Monday, December 11, 2017

A while back, I was inspired by this Twitter exchange to create a bot that would tweet out tidyverse related material.

Last week I finally had enough time to sit and put some work in to get this idea up and running! This post will walk through how I created the @tidyversetweets Twitter bot using the great rtweet package by Mike Kearney.

Step 1: Get the data

Before we can tweet out anything, we need to know what we are going to tweet. As of the writing of this post, @tidyversetweets will tweet out new tidyverse questions on StackOverflow, and new discussions from certain topics on the RStudio Community. Let’s start by pulling in data from StackOverflow API. This is made easy using the stackr package from StackOverflow data scientist David Robinson.

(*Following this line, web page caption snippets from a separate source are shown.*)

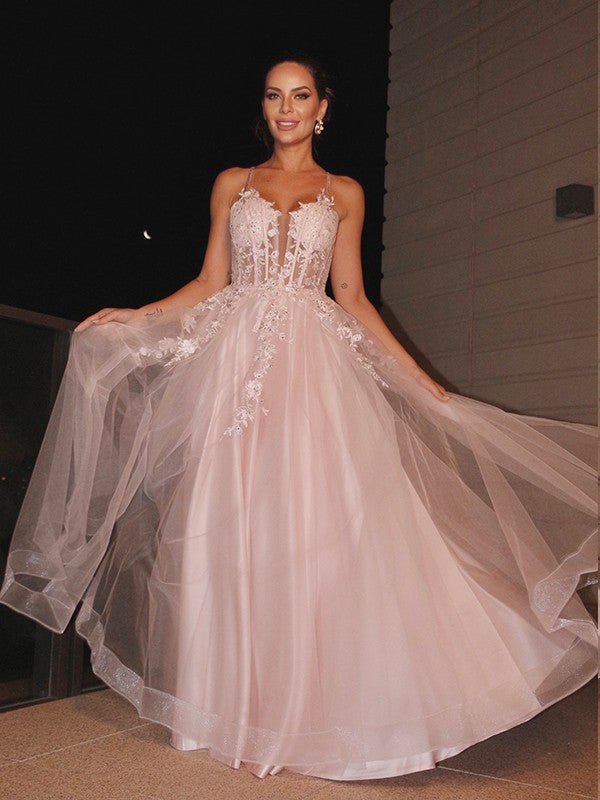 Vestidos de graduación de corte A/elegantes con apliques, tirantes finos, sin mangas, de tul y hasta el suelo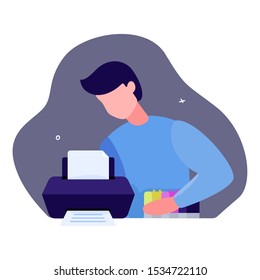 Man connects and sets up a continuous ink system to printer. He checks the correct operation of office equipment and monitors its condition. System administrator profession concept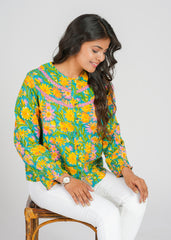 Bloom Block Printed Short Top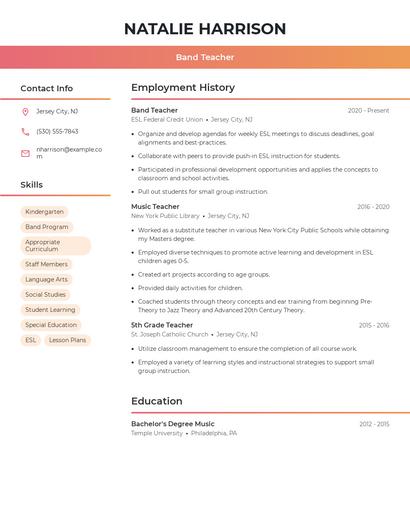 Band Teacher Resume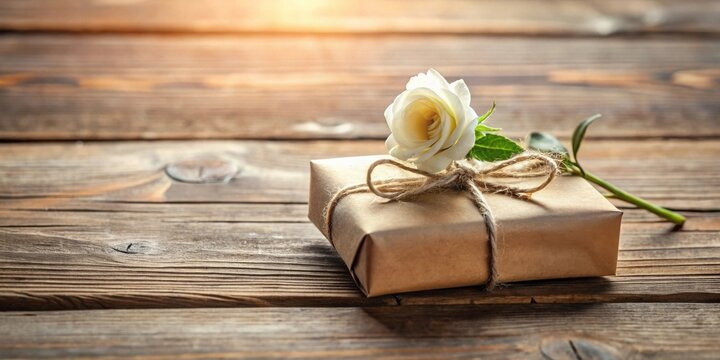 A rustic brown gift box tied with twine and adorned with a delicate white rose, resting on a weathered wooden surface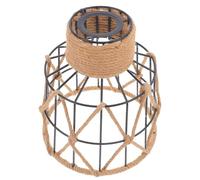 Tofficu Abat-jour Vintage en Corde de Jute et Fer Robuste pour Lampe E27, à Suspendre Lumineuse Tissée pour Décoration Bar Style Américain, Ambiance Chaleureuse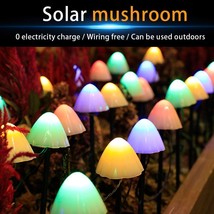 10 Led Solar String Lights Mushroom Waterproof Outdoor Garden Yard Decor Lamp Us - £23.17 GBP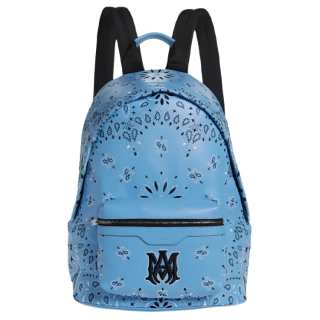 AMIRI Embroidery Leather Backpack Men's Blue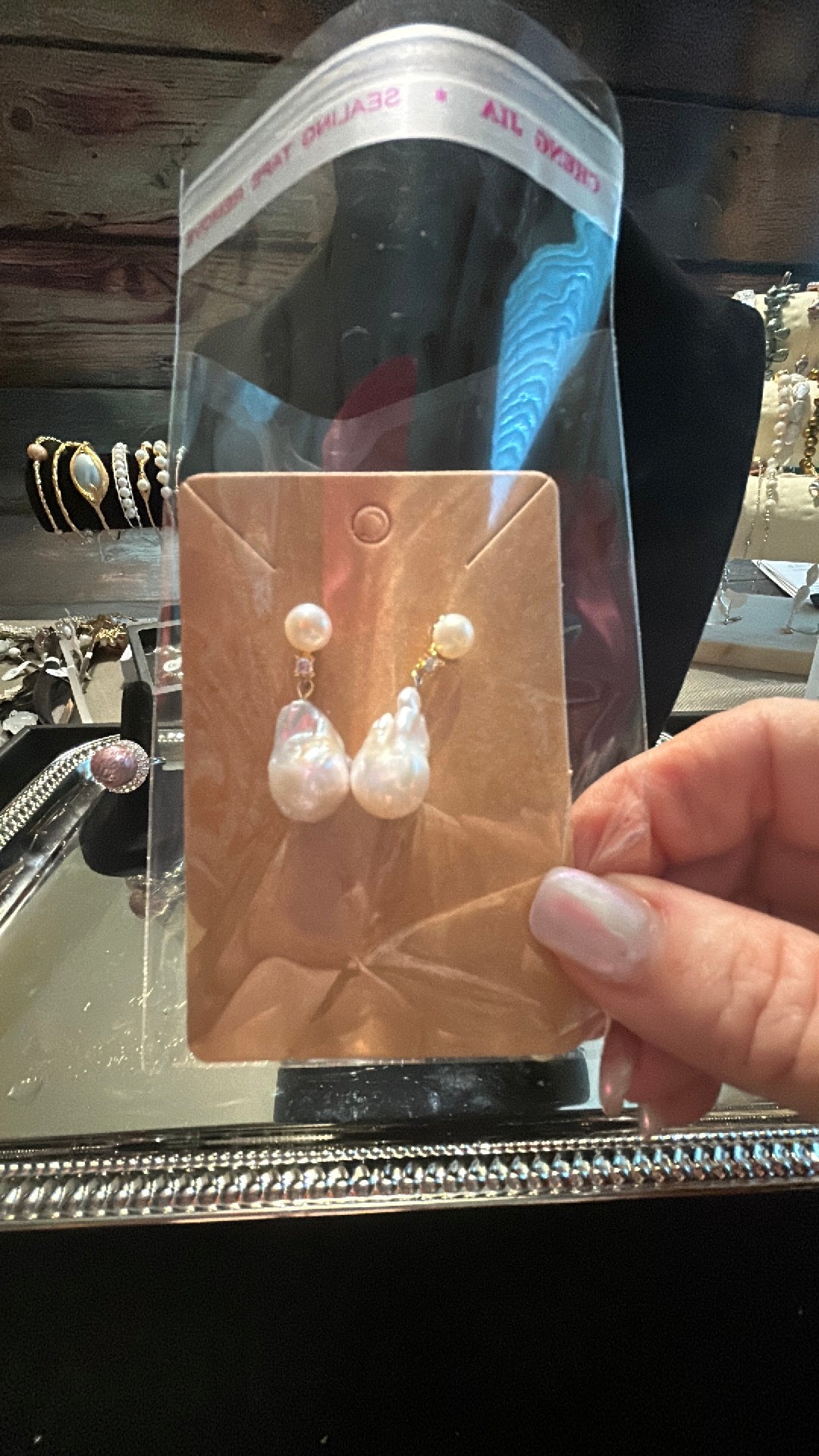 Baroque with freshwater pearl earrings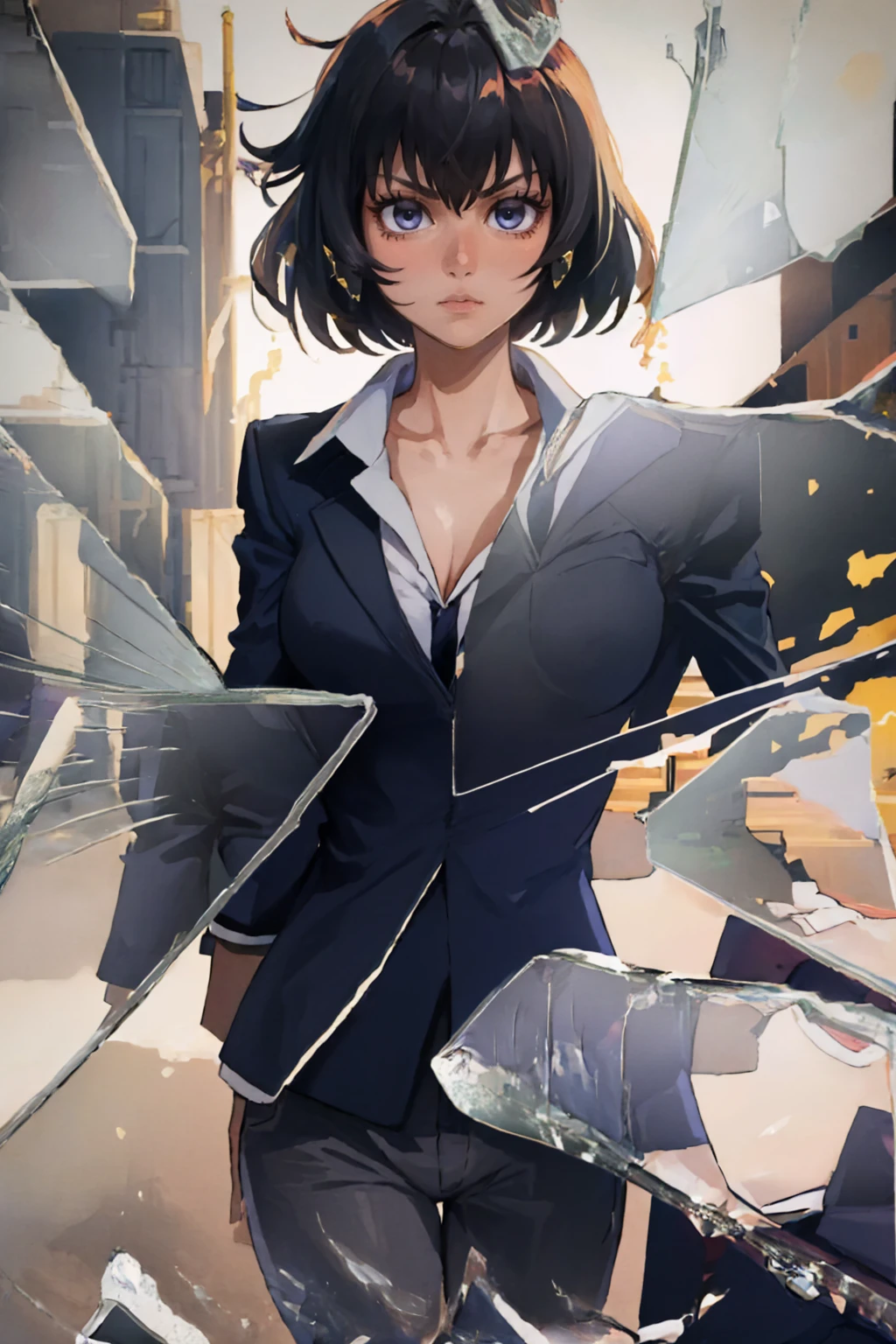 (masterpiece, best quality:1.2), IncrsBrknGls, broken glass, reflection, solo, 1girl, chainsumeragi, serious, looking at viewer, formal, suit, pants <lora:kekkaisensen_sumeragi-10:1> <lora:BrokenGlass:1>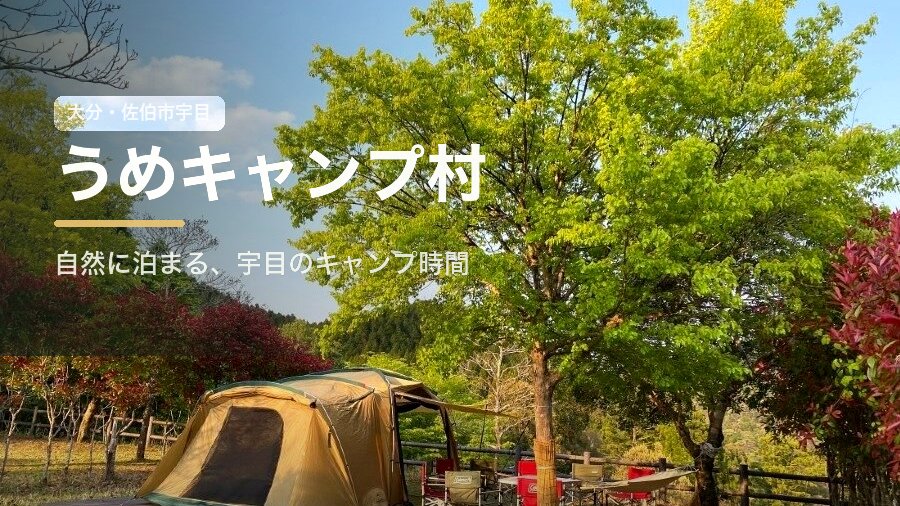 うめキャンプ村のテントサイト、ケビン、夜のキャンプ風景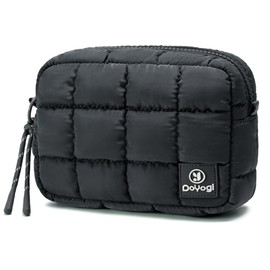 DOYOGI Quilted Cosmetic Bag, Puffer Makeup Bags,Crossbody Purses for women,Cute Travel Toiletry Bag for Women, Charcoal, Cute, Fashionable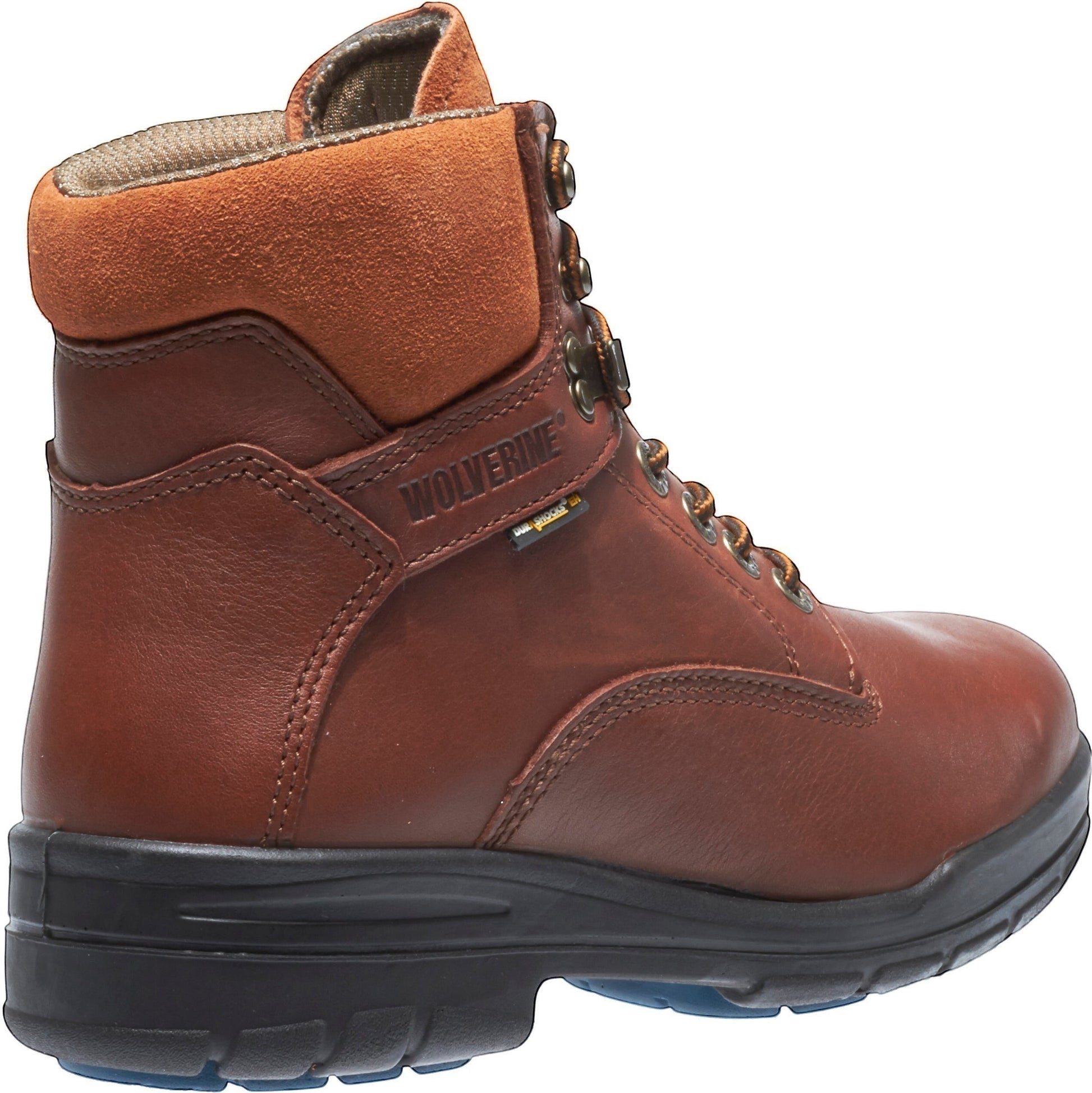 Allen's Bootery Wolverine Durashock waterproof work boot in brown leather with suede collar and slip-resistant sole.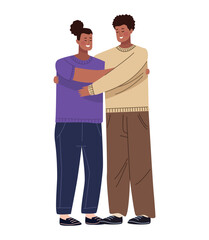 Fototapeta premium afro couple hugging characters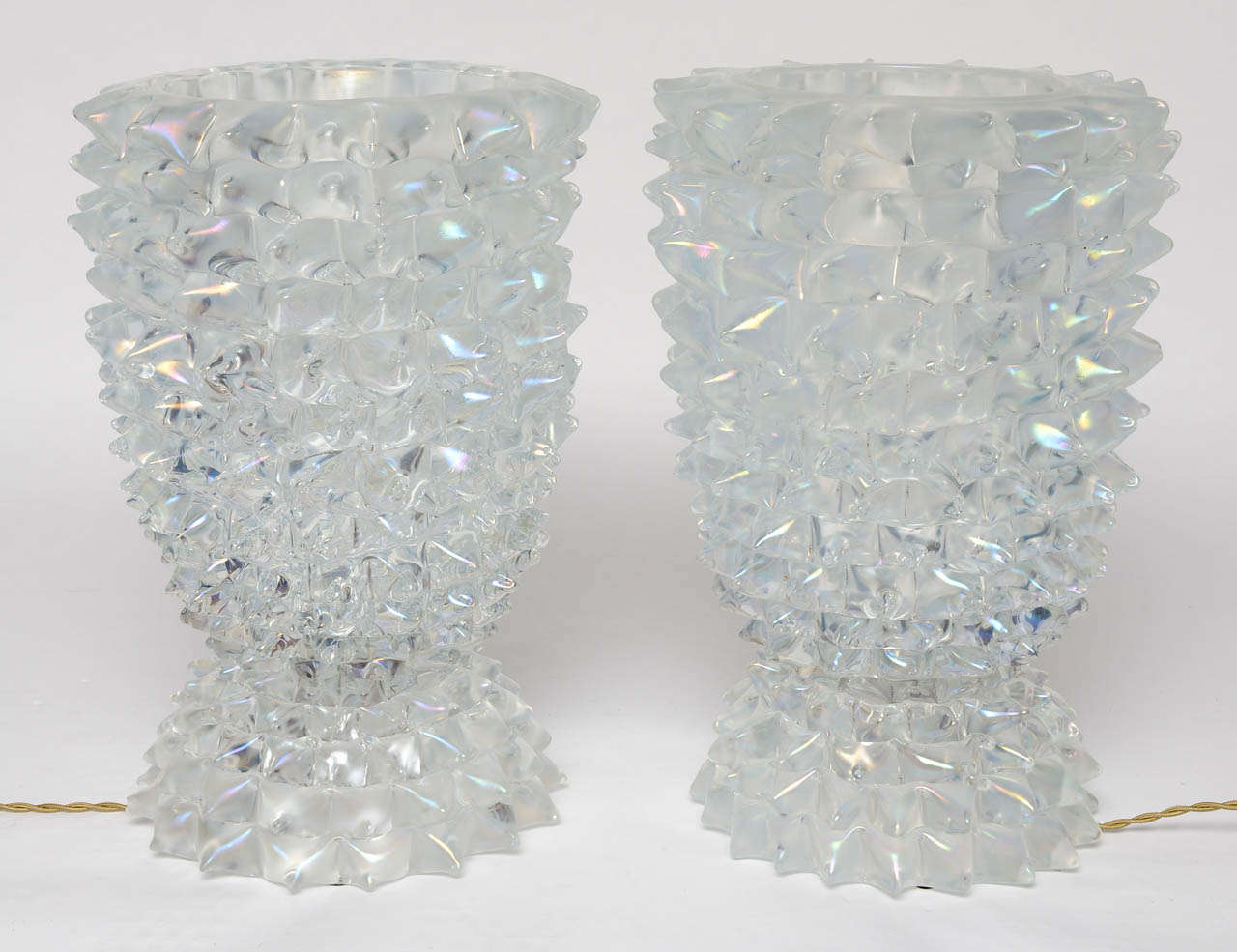Pair of Oversized Rostrato Murano Glass Uplights 2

First, we’ll define a couple of functions to easily query questions, given a tag. We can use the safely function from the purrr package to handle errors (e.g., no questions for a given tag are found).


safe_stack_questions <- safely(stack_questions)
query_tag <- function(tag) {
  query <- safe_stack_questions(pagesize = 100, tagged = tag)

We can then define the tags that we want to look up on StackOverflow. For now, I’ve listed all the packages that are included in the official list of tidyverse packages.

tidyverse <- c("tidyverse", "ggplot2", "dplyr", "tidyr", "readr", "purrr",
  "tibble", "readxl", "haven", "jsonlite", "xml2", "httr", "rvest", "DBI;r",
  "stringr", "lubridate", "forcats", "hms", "blob;r", "rlang", "magrittr",
  "glue", "recipes", "rsample", "modelr")

Finally, we can use the map function (also from the purrr package) to query all of the defined tags, and pull out the results to a data frame using map_dfr. We then do a little bit of clean up to correct some character encoding issues, remove duplicate questions that were collected under multiple tags (e.g., a question that was tagged tidyverse and dplyr), and arrange by the time the question was posted.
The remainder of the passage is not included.